Ah, that rare beast – as elusive as a Griffith: the intelligent thriller.
A thriller is, more often than not, disposable entertainment. Fast-paced, easy to read, full of action and tension – a self-contained and complete narrative package designed for consumption on a plane or bus ride. As such, they are not known for being sources of thematic or literary depth. The main payoff of the thriller is in knowing how it ends.
As such, when a book like Max Barry’s Lexicon comes out – with a healthy sprinkling of interwoven thematic elements on the pervasiveness of surveillance, control, and free will – critics begin to marvel at this odd creature, this unlikely marriage of the cerebral and the visceral – the intelligent thriller.

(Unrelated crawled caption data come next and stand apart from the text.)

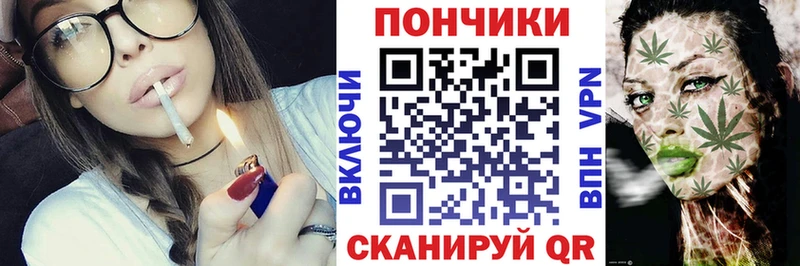 продажа наркотиков Шали Бошки Шишки White Widow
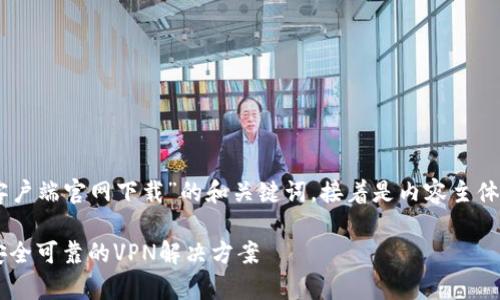 以下是一个关于“L2TP客户端官网下载”的和关键词，接着是内容主体大纲和相关问题的介绍。

L2TP客户端官方下载：安全可靠的VPN解决方案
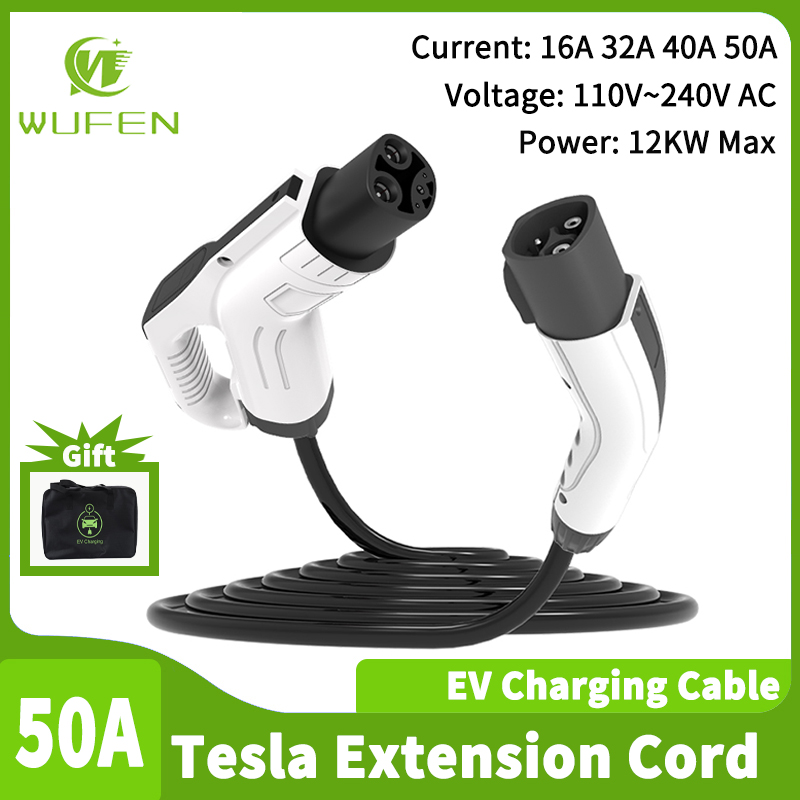 Cable Extension 3.5 - WUFEN Ladekabel für Elektrofahrzeuge, NACS-Ladeverlängerungskabel, 16~50A,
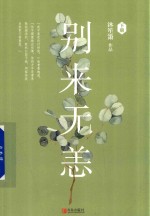 别来无恙 下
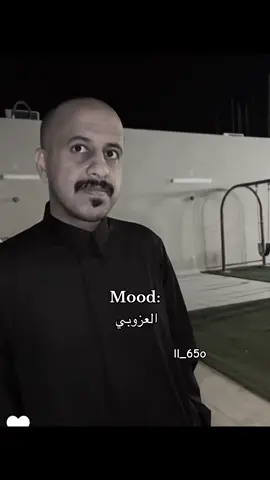 @ابو مطرف 🌚💙 #ابومطرف🌚💙 #سيف_ال_عمار #pov #الخرج #لايكات 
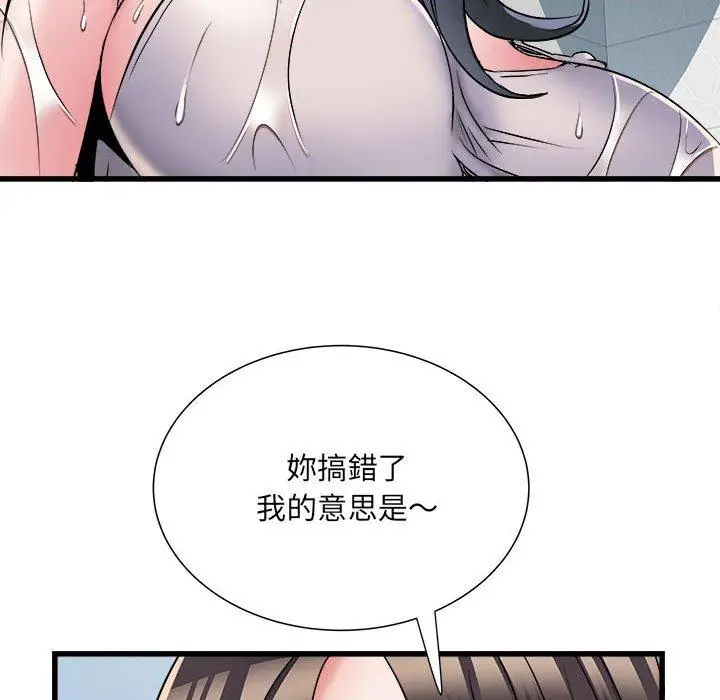 漫画《不良二等兵》第58话第30张图
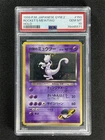 1999 Pokemon Japanese Gym 2 Rocket'S Mewtwo #150 Holo PSA 10 GEM MT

Lexicon is undoubtedly a very good marriage of the best of those two traditions. On one hand, it is the perfect thriller – fast-paced, unputdownable, and full of twists, cliffhangers and tantalizing puzzles that keep you reading. Barry’s prose style is perfectly tuned to the needs of this kind of narrative – always snappy, maintaining a constant but not overly hurried pace, eschewing description and other orthogonal-to-the-story fluff. The narrative also does a great job at maintaining the precarious balance between excessive exposition and needless opacity. No character sits around and talks in excessive depth about the minutiae of the world and characters. On the other hand, information and worldibuilding nuggets are doled out at appropriate and natural moments in the narrative in a way that never leaves the reader completely adrift and confused. There is great craft involved in this balance, and Lexicon is one of the few books I’ve read in the speculative fiction tradition that nail it.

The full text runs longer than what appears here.